### Exercise aim
The copy should hold exactly the lines below from the one that contains "Bottlebrush Blooms on Limbs" through the one that contains "Flowers on White" and nothing else, so no pictures.

(Data supplied Opens)

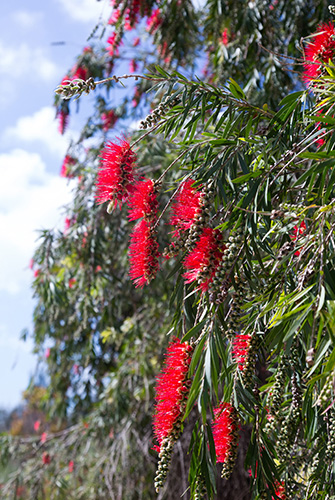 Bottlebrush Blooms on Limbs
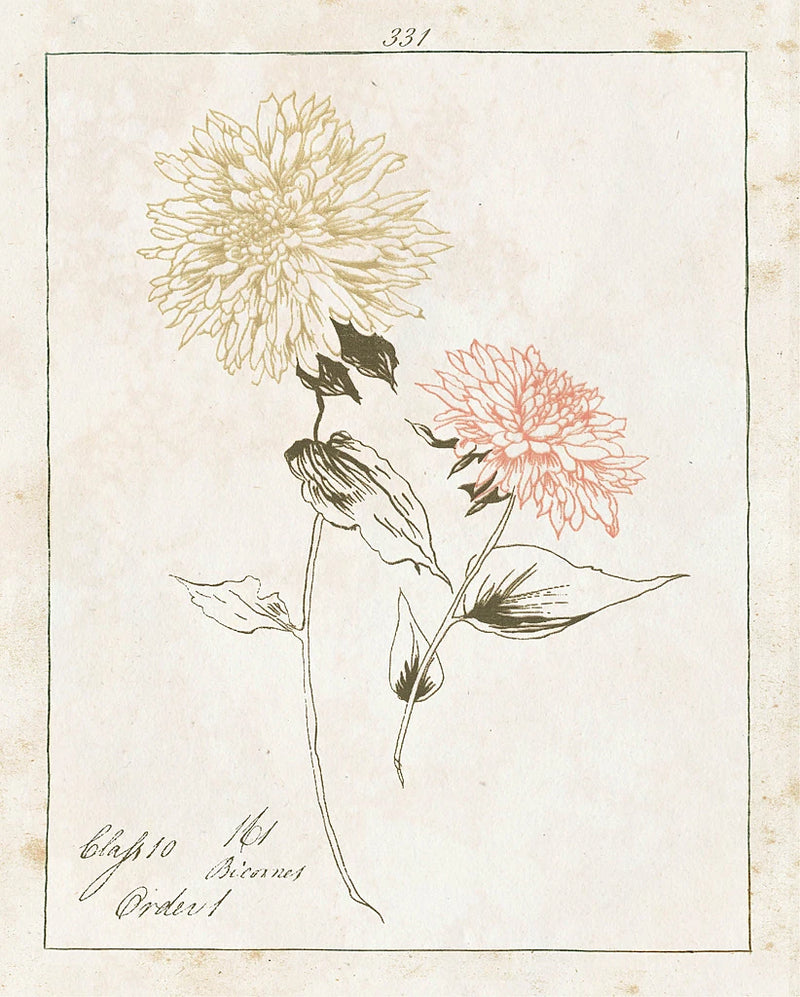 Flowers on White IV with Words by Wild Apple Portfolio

(Data supplied Closes)
(Data supplied Opens)

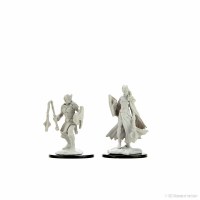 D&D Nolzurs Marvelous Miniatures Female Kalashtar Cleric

(Data supplied Closes)

### Answer to this problem
 Bottlebrush Blooms on Limbs
 Flowers on White IV with Words by Wild Apple Portfolio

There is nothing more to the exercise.